The Ministry of Finance (MoF) published the Preliminary Economic Policy Guidelines (PEPG), which contains updated fiscal estimates for 2023 and 2024, including the macroeconomic variables used to calculate public finance projections.  


The nominal fiscal deficit estimate for 2023 remained at 3.7% of GDP - as in the approved budget.  Total revenue estimate for this year fell to 22.8% of GDP (relative to the approved budget figure of 23.2% of GDP), dragged by lower tax (14.8% of GDP, from 15.0% of GDP) and oil revenues (3.8% of GDP, from 4.3% of GDP), with the latter due to a lower oil price estimate and a more appreciated currency forecast. As a result, expenditure estimate fell to 26.4% of GDP (compared to the approved figure of 26.9% of GDP). While the financial cost estimate increased slightly to 3.6% of GDP (previously at 3.5% of GDP) amid a high-rate environment, programmable expenditure forecast is now at 18.9% of GDP (from 19.3% of GDP).  


For 2024, the nominal and primary fiscal balances are estimated at a deficit of 2.7% of GDP and a surplus of 0.7% of GDP, respectively. Total fiscal revenues are estimated to increase to 22.9% of GDP in 2024 (from an estimated figure of 22.8% of GDP in 2023) supported by higher tax revenues. Total expenditure is adjusted to 25.6% of GDP for 2024 (from an estimated 26.4% of GDP in 2023) aided by a reduction in programable expenditure (18.1% of GDP, from 18.9% of GDP) and financial cost (3.4% of GDP, from 3.6% of GDP), with the latter explained by a likely lower rate. 


Debt-to-GDP ratios are expected to remain stable. The historical balance of the public sector borrowing requirements, the broadest measure of debt, is expected to remain at 49.9% of GDP from 2023 to 2030.

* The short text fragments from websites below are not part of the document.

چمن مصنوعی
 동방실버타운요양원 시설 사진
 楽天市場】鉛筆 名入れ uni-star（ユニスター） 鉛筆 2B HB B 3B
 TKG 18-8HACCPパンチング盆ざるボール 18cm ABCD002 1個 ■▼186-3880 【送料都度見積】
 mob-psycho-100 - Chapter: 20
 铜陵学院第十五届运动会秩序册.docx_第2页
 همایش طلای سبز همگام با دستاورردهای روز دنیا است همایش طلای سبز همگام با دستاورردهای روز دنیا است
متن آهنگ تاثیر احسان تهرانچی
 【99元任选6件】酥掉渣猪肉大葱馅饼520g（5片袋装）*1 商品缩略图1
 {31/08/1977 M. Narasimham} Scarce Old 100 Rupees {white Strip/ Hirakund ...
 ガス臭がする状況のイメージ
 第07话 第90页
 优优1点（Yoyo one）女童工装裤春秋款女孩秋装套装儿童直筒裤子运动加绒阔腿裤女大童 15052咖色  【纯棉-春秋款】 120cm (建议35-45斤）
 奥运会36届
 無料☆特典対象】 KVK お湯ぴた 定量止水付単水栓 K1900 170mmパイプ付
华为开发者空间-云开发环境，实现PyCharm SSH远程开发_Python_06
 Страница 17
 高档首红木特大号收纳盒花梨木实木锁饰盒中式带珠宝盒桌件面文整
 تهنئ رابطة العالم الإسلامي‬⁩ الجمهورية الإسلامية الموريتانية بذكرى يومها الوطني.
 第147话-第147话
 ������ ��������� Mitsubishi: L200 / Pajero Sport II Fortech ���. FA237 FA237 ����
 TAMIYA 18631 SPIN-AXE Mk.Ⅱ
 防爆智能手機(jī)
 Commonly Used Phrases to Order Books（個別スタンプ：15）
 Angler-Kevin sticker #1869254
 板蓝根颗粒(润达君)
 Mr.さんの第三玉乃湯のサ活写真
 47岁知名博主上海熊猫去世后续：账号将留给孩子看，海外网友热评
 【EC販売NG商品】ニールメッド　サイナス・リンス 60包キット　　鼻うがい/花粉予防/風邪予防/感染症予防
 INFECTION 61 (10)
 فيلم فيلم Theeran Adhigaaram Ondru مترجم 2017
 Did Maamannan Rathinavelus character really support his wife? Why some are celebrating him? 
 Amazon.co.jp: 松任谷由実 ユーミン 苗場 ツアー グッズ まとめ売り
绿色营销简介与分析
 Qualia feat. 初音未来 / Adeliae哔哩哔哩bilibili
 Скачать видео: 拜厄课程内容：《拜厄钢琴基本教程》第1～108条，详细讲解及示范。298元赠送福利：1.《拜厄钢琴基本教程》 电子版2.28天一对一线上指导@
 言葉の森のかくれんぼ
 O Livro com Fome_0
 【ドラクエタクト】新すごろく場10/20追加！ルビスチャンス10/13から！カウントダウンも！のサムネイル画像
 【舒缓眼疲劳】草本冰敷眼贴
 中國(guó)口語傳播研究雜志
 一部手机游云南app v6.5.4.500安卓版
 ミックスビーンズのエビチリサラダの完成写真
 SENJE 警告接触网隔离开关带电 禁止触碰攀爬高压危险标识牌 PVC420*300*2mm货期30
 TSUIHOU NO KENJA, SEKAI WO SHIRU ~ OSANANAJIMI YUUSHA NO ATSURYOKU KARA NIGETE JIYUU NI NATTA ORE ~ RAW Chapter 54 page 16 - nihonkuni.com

We expect a nominal fiscal deficit of 4.1% of GDP for 2023 (compared with the MoF fiscal estimate of 3.7% of GDP). Our nominal fiscal deficit is wider than the MoF’s figure due to our less optimistic GDP growth assumption (1.8% versus 3.0%) and a more conservative oil production figure. Larger than expected expenditure needs for AMLO’s priority projects is also a downside risk to fiscal accounts.